* **PROBLEM DETAILS**
Read the entries below and pull out each line with the string "Classic".

── RECORDS PROVIDED ──

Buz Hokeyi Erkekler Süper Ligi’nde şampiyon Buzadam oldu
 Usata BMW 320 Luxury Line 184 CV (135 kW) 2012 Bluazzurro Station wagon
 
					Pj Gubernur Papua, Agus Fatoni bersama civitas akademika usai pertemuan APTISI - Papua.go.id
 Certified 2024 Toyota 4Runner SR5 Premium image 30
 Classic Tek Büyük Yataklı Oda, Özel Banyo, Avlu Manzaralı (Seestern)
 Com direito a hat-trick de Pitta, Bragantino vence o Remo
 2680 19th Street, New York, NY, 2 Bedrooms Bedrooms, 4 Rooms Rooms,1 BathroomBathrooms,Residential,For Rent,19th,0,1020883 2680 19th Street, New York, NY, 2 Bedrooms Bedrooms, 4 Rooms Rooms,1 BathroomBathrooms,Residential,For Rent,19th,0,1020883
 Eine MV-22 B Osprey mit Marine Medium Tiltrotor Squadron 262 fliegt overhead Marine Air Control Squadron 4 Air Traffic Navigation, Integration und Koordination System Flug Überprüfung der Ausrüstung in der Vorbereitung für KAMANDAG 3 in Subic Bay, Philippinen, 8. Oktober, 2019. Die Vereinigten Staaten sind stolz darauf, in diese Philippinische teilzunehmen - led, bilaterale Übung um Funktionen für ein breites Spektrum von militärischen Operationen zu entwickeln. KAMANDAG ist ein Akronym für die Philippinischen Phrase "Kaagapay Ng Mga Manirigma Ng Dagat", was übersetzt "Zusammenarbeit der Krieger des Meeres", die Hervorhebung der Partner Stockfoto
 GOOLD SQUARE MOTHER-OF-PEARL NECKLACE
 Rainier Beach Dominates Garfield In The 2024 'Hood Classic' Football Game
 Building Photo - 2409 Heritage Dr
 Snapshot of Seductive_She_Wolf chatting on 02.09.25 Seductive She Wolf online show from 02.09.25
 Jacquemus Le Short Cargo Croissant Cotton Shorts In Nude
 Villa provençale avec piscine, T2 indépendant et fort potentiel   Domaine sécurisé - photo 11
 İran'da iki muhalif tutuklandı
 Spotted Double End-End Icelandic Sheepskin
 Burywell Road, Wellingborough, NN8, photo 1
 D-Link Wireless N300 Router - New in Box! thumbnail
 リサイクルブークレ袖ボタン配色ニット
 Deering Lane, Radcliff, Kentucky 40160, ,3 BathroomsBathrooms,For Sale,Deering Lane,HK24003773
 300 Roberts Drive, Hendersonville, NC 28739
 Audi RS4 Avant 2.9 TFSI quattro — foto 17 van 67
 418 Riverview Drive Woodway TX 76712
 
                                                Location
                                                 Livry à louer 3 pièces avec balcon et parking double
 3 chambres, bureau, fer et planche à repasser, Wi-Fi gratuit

───

* **EXPECTED ANSWER**
 Classic Tek Büyük Yataklı Oda, Özel Banyo, Avlu Manzaralı (Seestern)
 Rainier Beach Dominates Garfield In The 2024 'Hood Classic' Football Game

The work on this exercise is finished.